I consider mastering to be creating and finalizing a group of works to be recorded together and to have an overall 'feel' to the set. To me, mastering is perfecting the overall grouping of songs in which that when they are recorded, the track order, timing, fade-ins, fade-outs, volume, and the sound of each track 'gels' with all the rest of the tracks in that group. Up to this point, I have been mastering songs by individual tracks because I might have a song that sounds good, except for one track might be too bright...so rather than affecting the 'good' tracks, I go and adjust only the track that would be too bright. I then re-listen to the entire group of songs and go from there.
Up to this point I have not bounced any tracks to do my mixing/mastering. When I export my music from Cakewalk to a wave file, I do it from all the separate tracks that were recorded, and not from one, single bounced track. I feel that when you do bounce your tracks and then attempt to master them, if there is a problem with just one track within the bounced collection of tracks, there is no way to go back and adjust only that one track. I guess that is my fear. (And the original item I mentioned, that sound quality would be lost).
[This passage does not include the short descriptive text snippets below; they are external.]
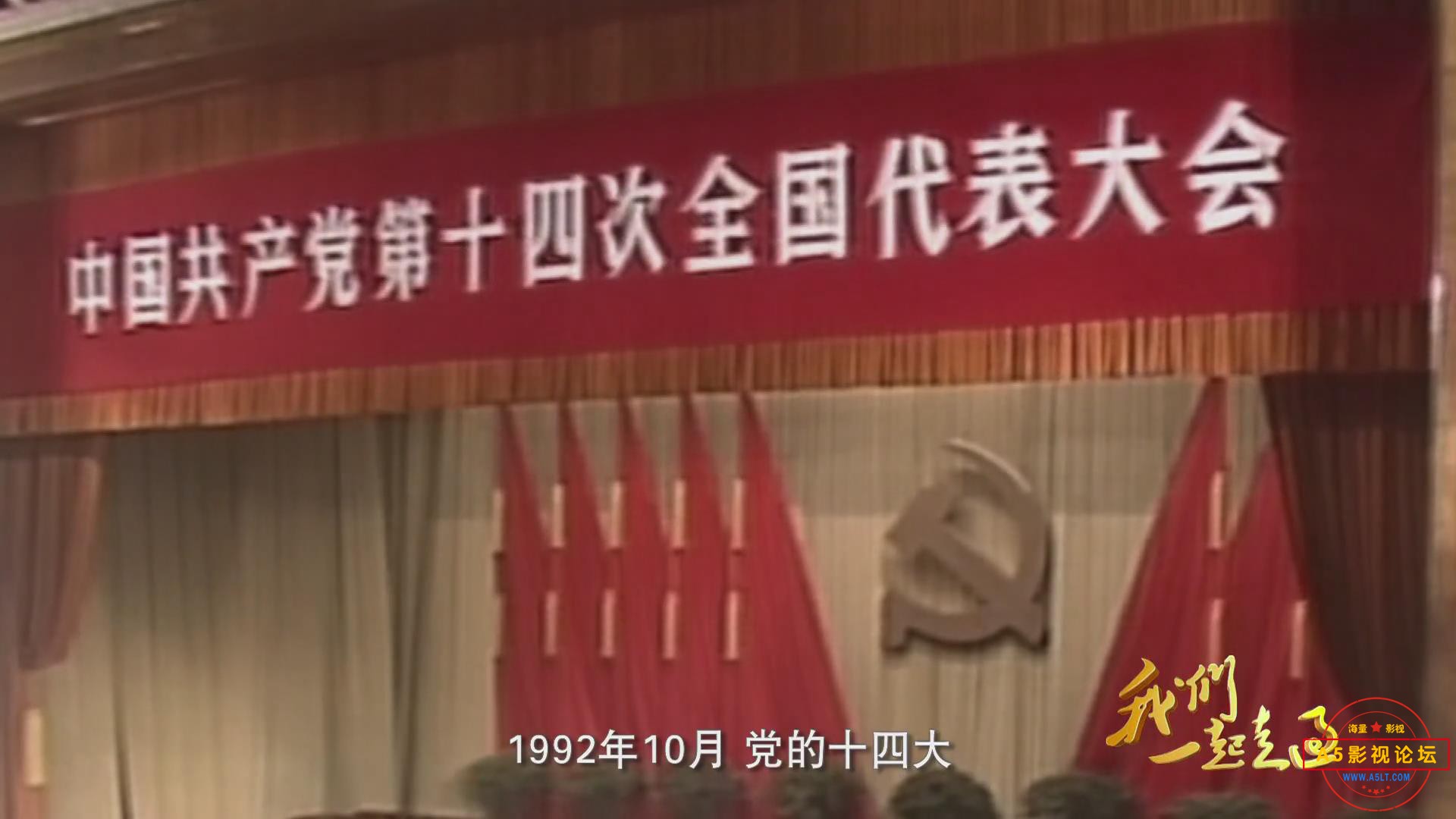 暴风截图20206181943984.jpg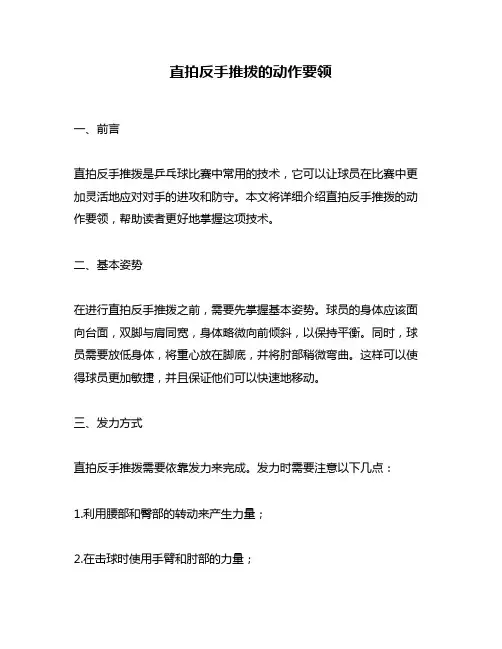 直拍反手推拨的动作要领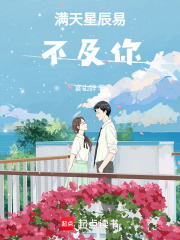 滿天星辰易不及你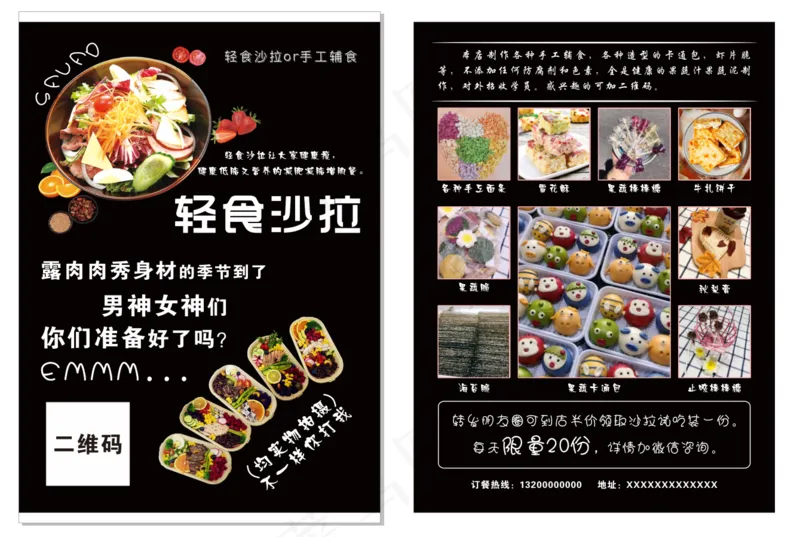 轻食沙拉DM单cdr矢量模版下载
And so I ask everyone, do you all bounce down to your one or two tracks and then master, or do some of you still do it by working with individual tracks?
As for my method, 1st I record each song and then mix and perfect each song by itself by tweaking the tracks to the way I want them. Then I listen to the entire group of songs and go back and work with each track of each song until they all go together. So really, either way would work I would think.